When it comes to tracking the programme and budget, Sillis finds that architects only tell clients what they want to hear. ‘I would rather they told me it was going to cost more or take longer.’ Budgets are flexible, though. Dick-Cleland warned that being too open about costs can ‘kill off’ a project without properly developing the brief and considering the business case. In reference to Astley Castle, he said, ‘If our trustees had known what the final bill was going to be on day one they would not have done it.’
In common with clients in other sectors, heritage clients want architects who listen. In Keeley‘s experience, architects have ‘very set ideas and don’t take criticism well’. Sillis agreed, often finding a need to ‘rein in’ architects, while Gough had had ‘issues’ with architects who refuse to conform to the client’s way of doing things.

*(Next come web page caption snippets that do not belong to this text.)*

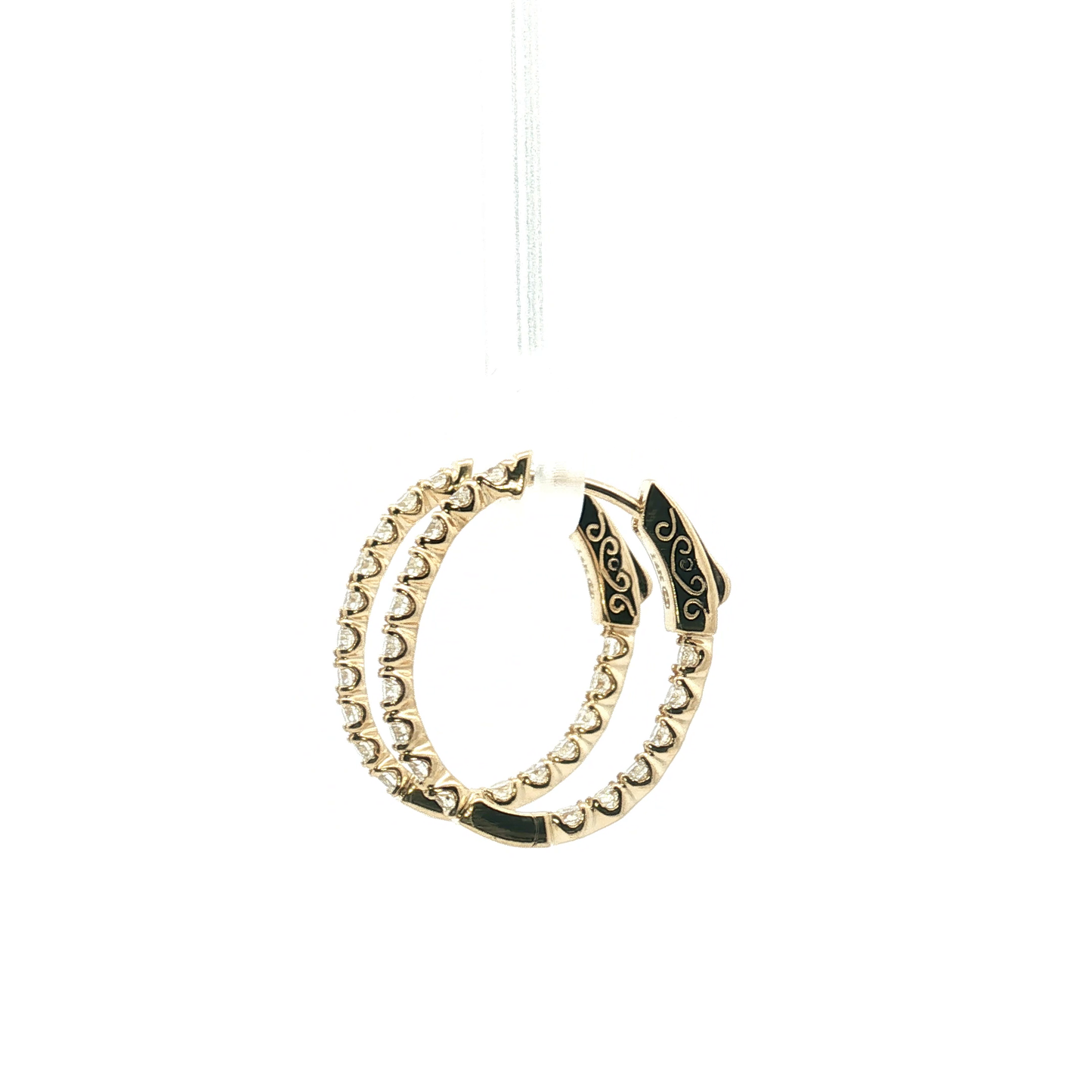 Classic Yellow Gold Inside Out Hoop Earrings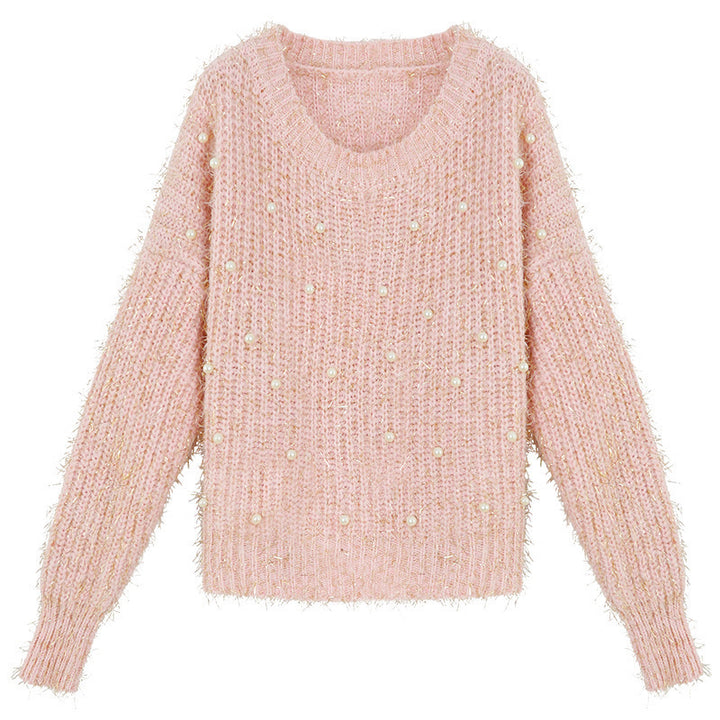 Ladies cozy sweater with decorative pearls Lune London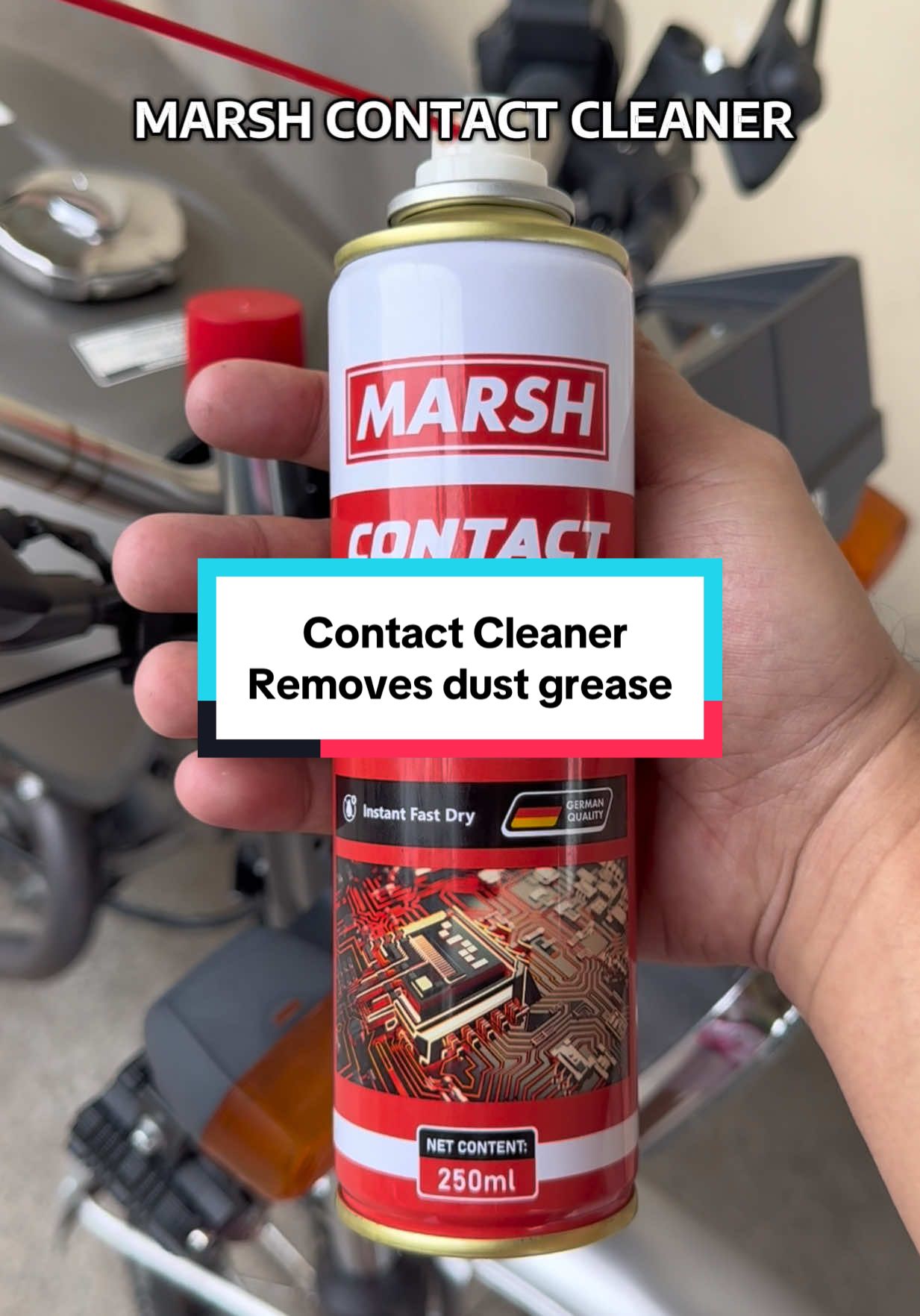 Kung maalaga ka sa motor o sasakyan mo bumili kana nito💯 marsh contact cleaner fast dry no need to wipe #fastdryspray #marshcontactcleaner #safeforuse #fastacting #removesdust #electronicwire 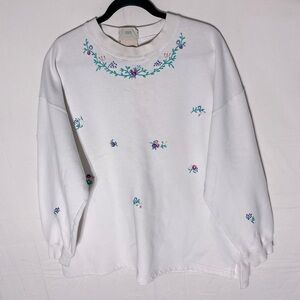 Vintage Northern Reflections White Foral Embroidered Crew Neck Sweatshirt XL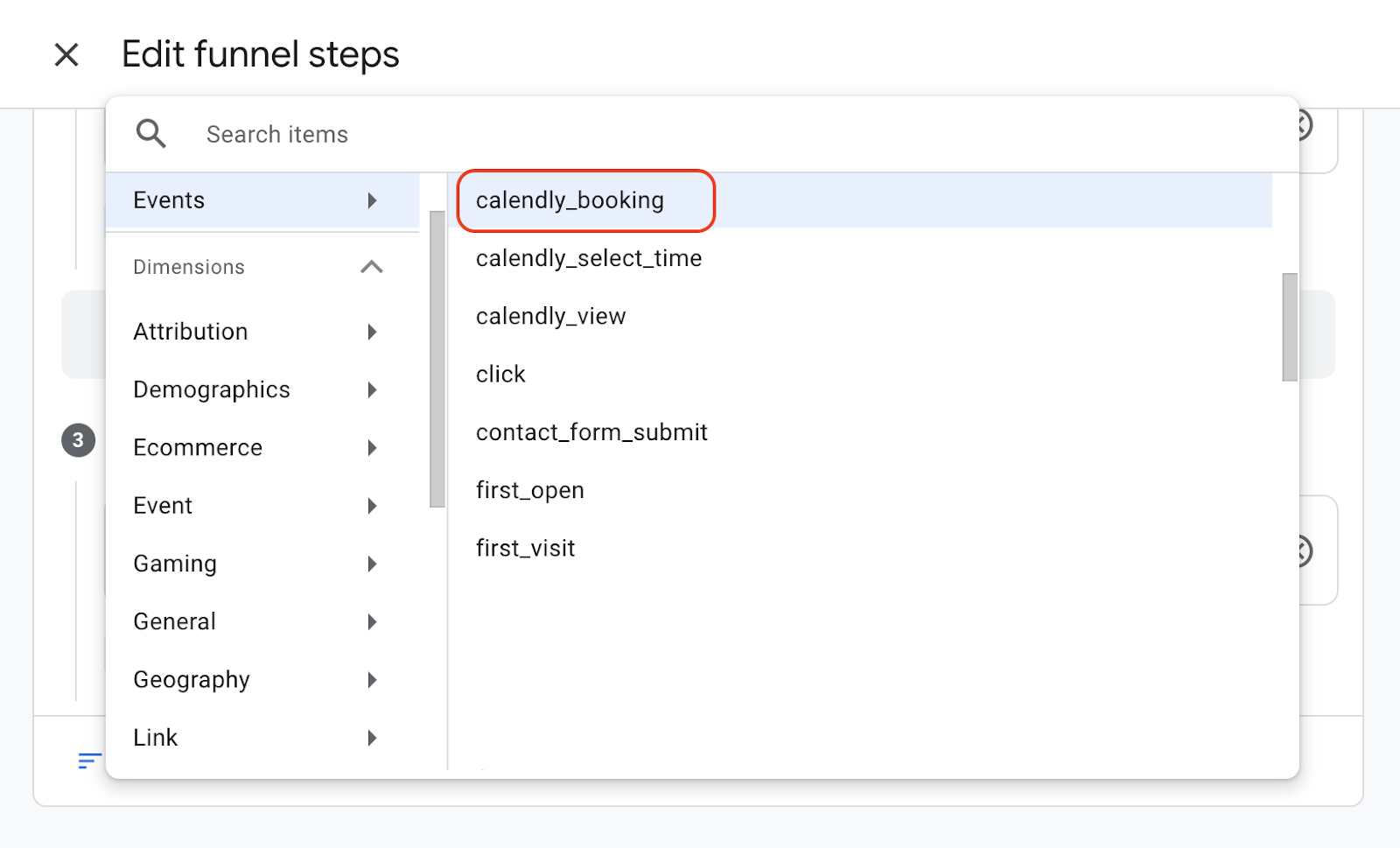 Picking calendly_booking event as a funnel step for Funnel Exploration view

Clients also admitted their own limitations, implicitly acknowledging unrealistically high expectations. They want architects to supply solutions for untouchable spaces. As Gough wistfully accepted, this may be ‘looking to architects to achieve the impossible’.
TOP TIPS FOR THE HERITAGE MARKET
- Focus on the needs of the building by demonstrating your technical conservation competence as well as your creative design skills.
- Listen to client’s needs but do not shy from potentially difficult constructive dialogue.
- Rethink the brief creatively – even on conservation projects – in case there is a better long-term business case that benefits the building.
- Engage the client through passion, education and traditional draughtsmanship.
- Foster teamwork and collaboration during the design by agreeing a common vision and leadership.
- Embrace digital innovation, especially BIM, to add extra value for clients.